╭─ Data for analysis

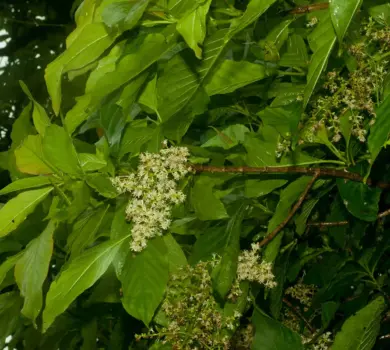 Phulchoki Day Hike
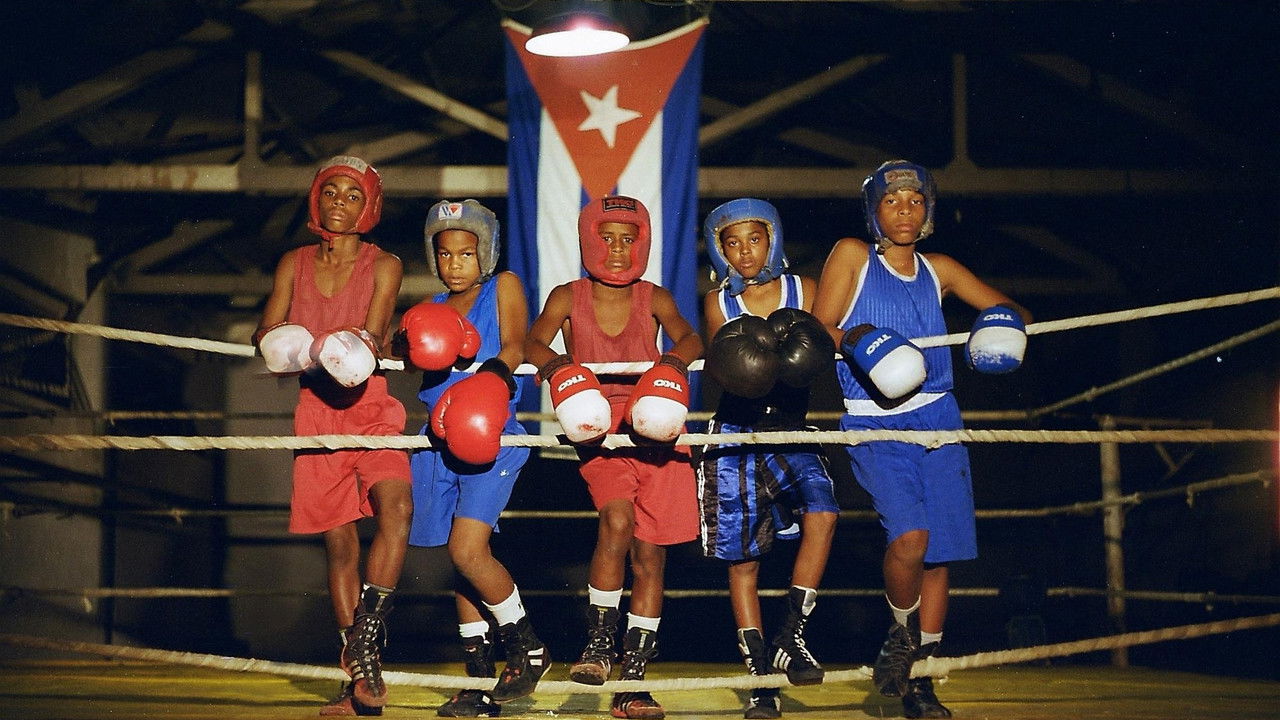 Sons of Cuba backdrop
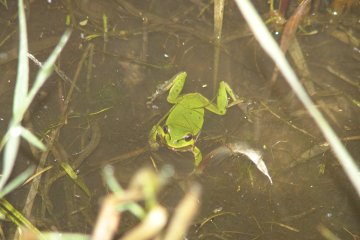 Rosnika zelen (Hyla arborea), PR Koutsk a Zbesk louky, 6. 6. 2004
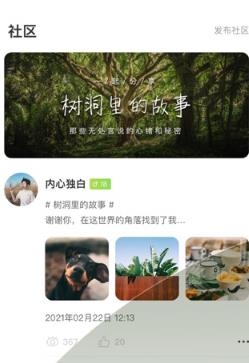 树洞倾诉app最新版 树洞倾诉app最新版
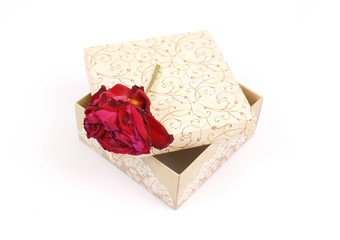 Red Rose on Pretty Gift Box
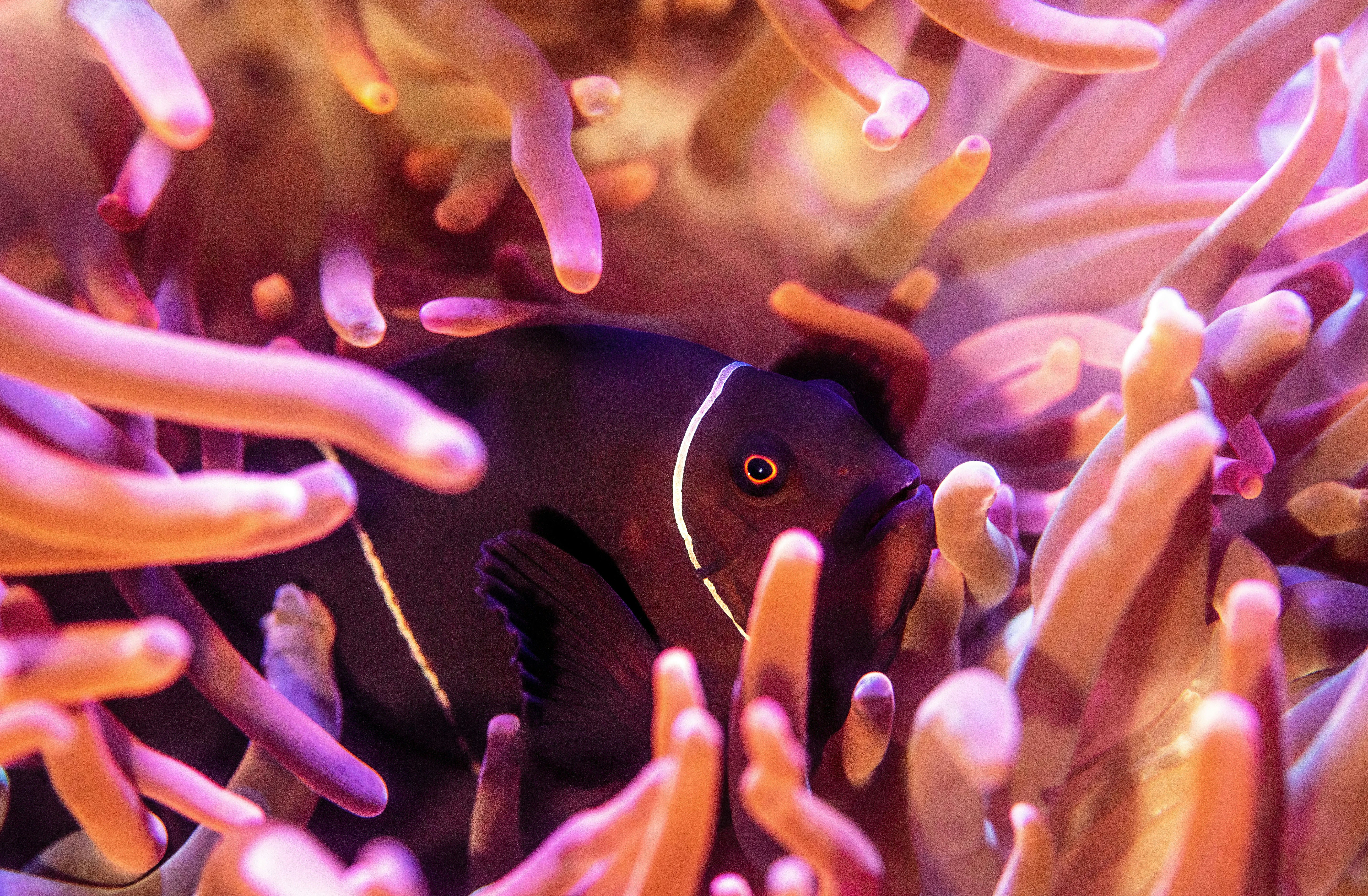 Clownfish Hiding in Sea Anemone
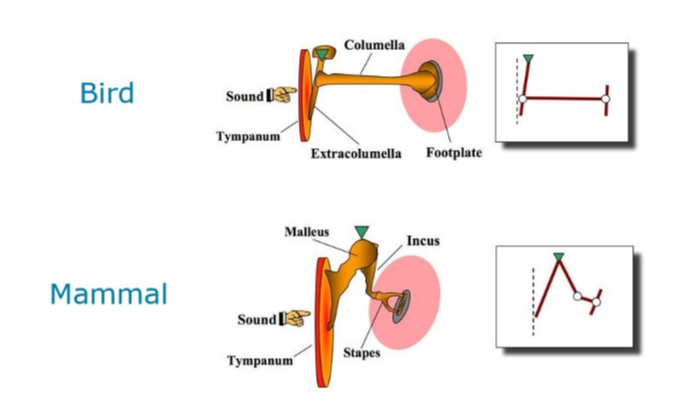 <ul><li><p>much simpler</p></li><li><p>1 auditory ossicle = <strong>columella (equivalent to the stapes)</strong></p></li><li><p>connects tympanic membrane to the inner ear</p></li><li><p>cochlea duct is not coiled (poor hearing)</p></li></ul><p></p>
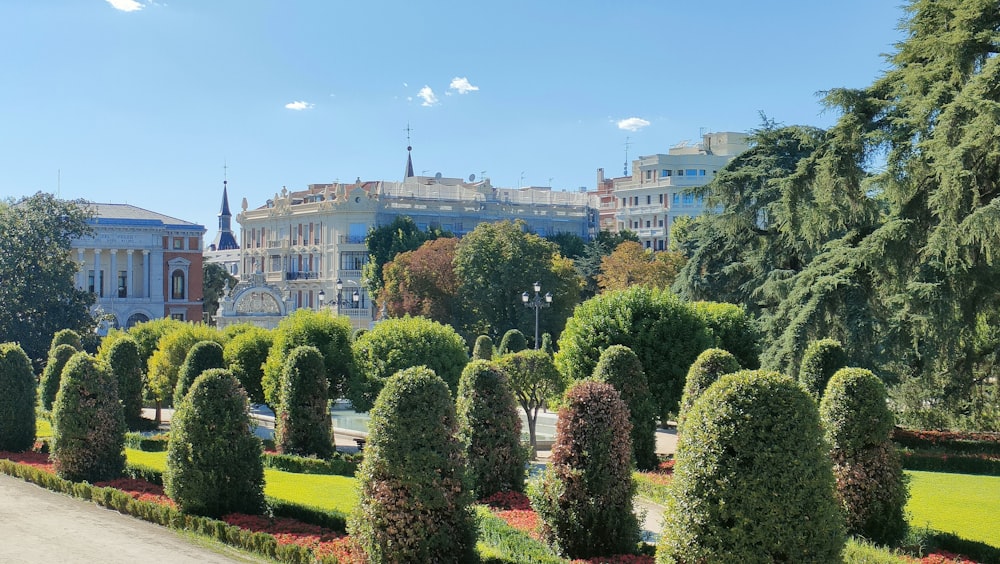 a view of a park with trees and buildings in the background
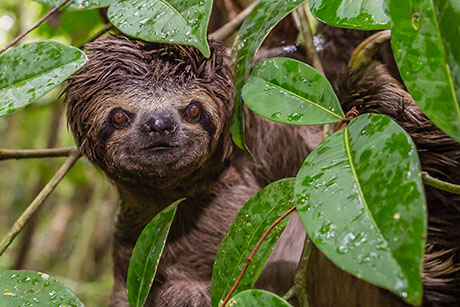 AMAZON JUNGLE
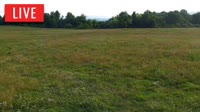 LaFollette - Hatfield Knob Elk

╰─

About this exercise:
Every entry above is to be copied verbatim, with the pictures removed.

Expected answer:
 Phulchoki Day Hike
 Sons of Cuba backdrop
 Rosnika zelen (Hyla arborea), PR Koutsk a Zbesk louky, 6. 6. 2004
 树洞倾诉app最新版 树洞倾诉app最新版
 Red Rose on Pretty Gift Box
 Clownfish Hiding in Sea Anemone
 <ul><li><p>much simpler</p></li><li><p>1 auditory ossicle = <strong>columella (equivalent to the stapes)</strong></p></li><li><p>connects tympanic membrane to the inner ear</p></li><li><p>cochlea duct is not coiled (poor hearing)</p></li></ul><p></p>
 a view of a park with trees and buildings in the background
 AMAZON JUNGLE
 LaFollette - Hatfield Knob Elk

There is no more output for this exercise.